What are the new rules applicable to manufacturers?
The new rules require manufacturers to:
identify at a sufficiently granular level the potential target market for each Financial Instrument and specify the type(s) of client with whose needs, characteristics and objectives the Financial Instrument is compatible;
implement for each Financial Instrument a product approval procedure which addresses conflicts of interest (including on remuneration), market integrity, adequate expertise of the staff involved and threats to the orderly functioning or stability of financial markets;
make available to any distributor all appropriate information on the Financial Instrument and the product approval process, including the identified target market of the Financial Instrument.
The compliance function must monitor the development and periodic review of product governance arrangements in order to detect any risk of failure by the firm to comply with its obligations.
What are the new rules applicable to distributors?
The new rules require distributors to:
determine the target market for the respective Financial Instrument, even if the target market was not defined by the manufacturer;
have in place adequate product governance arrangements to ensure that the products and services they intend to offer or recommend are compatible with the needs, characteristics and objectives of an identified target market and that the intended distribution strategy is consistent with the identified target market;
have in place effective arrangements to ensure that they obtain sufficient information about these Financial Instruments from the manufacturers;
maintain procedures and measures to ensure compliance with all applicable requirements under MiFID II, including those relating to disclosure, assessment of suitability or appropriateness, inducements and proper management of conflicts of interest.
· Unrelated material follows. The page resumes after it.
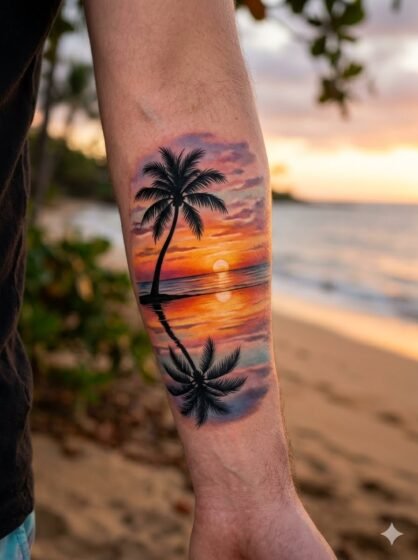 Palm Tree Sunset Tattoo With Reflection Effect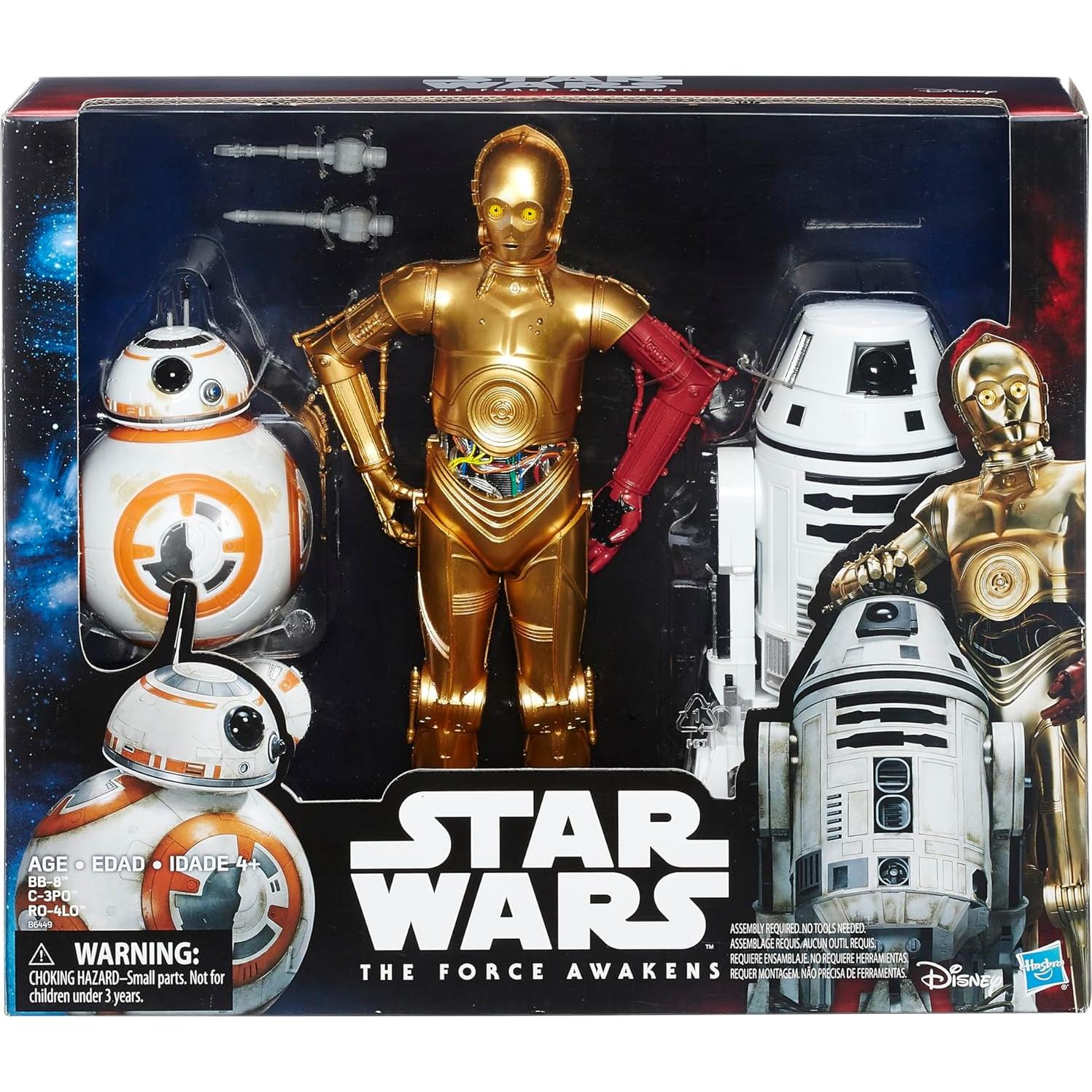 Paquete de 3 Droids Star Wars C-3PO BB-8 RO-4LO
As an excurse to the Fund industry, Funds, respectively management companies of retail and regulated alternative investment funds (“UCITS management companies and AIFMs”) (carrying out their core business and who do not have an MiFID extension) may also be indirectly impacted by these rules as distributors, who may require information that is not publicly or otherwise made available to them, may choose not to distribute the shares/units of Funds if these do not provide to the distributor such information. It should therefore be expected that distributors will seek to amend existing agreements or enter into new agreements with UCITS management companies and AIFMs which will enable them to obtain any information that they require in order to comply with the new rules. Moreover, in accordance with the FAQ “MIFID II: IMPACT ON INVESTMENT FUNDS”, ALFI recommends that UCITS management companies and AIFMs, even if not directly being impacted by the MiFID II Rules as long as they are carrying out their core business, shall at least review the regulatory status of their distributors and identify any Investment Firm accordingly. In order to comply with their duty to ensure oversight of their delegates, those players should obtain assurance/confirmation that the distributors, which in turn are covered by the MiFID II Rules, comply with their own requirements, for example inducement requirements and corporate governance.